> What you are asked to do
Copy out each line below exactly as it appears.

> Dataset
—————

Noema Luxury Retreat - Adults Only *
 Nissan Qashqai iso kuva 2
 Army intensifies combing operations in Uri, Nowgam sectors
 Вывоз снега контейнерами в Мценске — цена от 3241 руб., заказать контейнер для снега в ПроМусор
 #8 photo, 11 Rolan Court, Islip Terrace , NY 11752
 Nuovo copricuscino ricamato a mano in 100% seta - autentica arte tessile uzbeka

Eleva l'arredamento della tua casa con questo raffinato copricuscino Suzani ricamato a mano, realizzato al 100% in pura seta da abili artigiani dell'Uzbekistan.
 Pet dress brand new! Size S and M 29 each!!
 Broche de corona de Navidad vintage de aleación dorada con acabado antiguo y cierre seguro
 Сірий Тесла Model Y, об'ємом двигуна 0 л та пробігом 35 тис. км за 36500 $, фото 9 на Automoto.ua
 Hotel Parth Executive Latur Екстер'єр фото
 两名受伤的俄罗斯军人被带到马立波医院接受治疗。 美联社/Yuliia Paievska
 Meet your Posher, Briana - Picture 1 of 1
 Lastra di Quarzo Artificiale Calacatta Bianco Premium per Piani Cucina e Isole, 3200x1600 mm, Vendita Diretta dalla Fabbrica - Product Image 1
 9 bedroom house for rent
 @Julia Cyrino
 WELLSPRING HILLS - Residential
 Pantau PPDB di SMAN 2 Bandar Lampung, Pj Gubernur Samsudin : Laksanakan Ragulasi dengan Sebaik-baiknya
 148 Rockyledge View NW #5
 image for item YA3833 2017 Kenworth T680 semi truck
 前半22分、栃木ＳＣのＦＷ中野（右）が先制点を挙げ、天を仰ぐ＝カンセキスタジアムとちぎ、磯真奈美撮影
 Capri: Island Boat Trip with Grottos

—————

> Written response
Noema Luxury Retreat - Adults Only *
 Nissan Qashqai iso kuva 2
 Army intensifies combing operations in Uri, Nowgam sectors
 Вывоз снега контейнерами в Мценске — цена от 3241 руб., заказать контейнер для снега в ПроМусор
 #8 photo, 11 Rolan Court, Islip Terrace , NY 11752
 Nuovo copricuscino ricamato a mano in 100% seta - autentica arte tessile uzbeka

Eleva l'arredamento della tua casa con questo raffinato copricuscino Suzani ricamato a mano, realizzato al 100% in pura seta da abili artigiani dell'Uzbekistan.
 Pet dress brand new! Size S and M 29 each!!
 Broche de corona de Navidad vintage de aleación dorada con acabado antiguo y cierre seguro
 Сірий Тесла Model Y, об'ємом двигуна 0 л та пробігом 35 тис. км за 36500 $, фото 9 на Automoto.ua
 Hotel Parth Executive Latur Екстер'єр фото
 两名受伤的俄罗斯军人被带到马立波医院接受治疗。 美联社/Yuliia Paievska
 Meet your Posher, Briana - Picture 1 of 1
 Lastra di Quarzo Artificiale Calacatta Bianco Premium per Piani Cucina e Isole, 3200x1600 mm, Vendita Diretta dalla Fabbrica - Product Image 1
 9 bedroom house for rent
 @Julia Cyrino
 WELLSPRING HILLS - Residential
 Pantau PPDB di SMAN 2 Bandar Lampung, Pj Gubernur Samsudin : Laksanakan Ragulasi dengan Sebaik-baiknya
 148 Rockyledge View NW #5
 image for item YA3833 2017 Kenworth T680 semi truck
 前半22分、栃木ＳＣのＦＷ中野（右）が先制点を挙げ、天を仰ぐ＝カンセキスタジアムとちぎ、磯真奈美撮影
 Capri: Island Boat Trip with Grottos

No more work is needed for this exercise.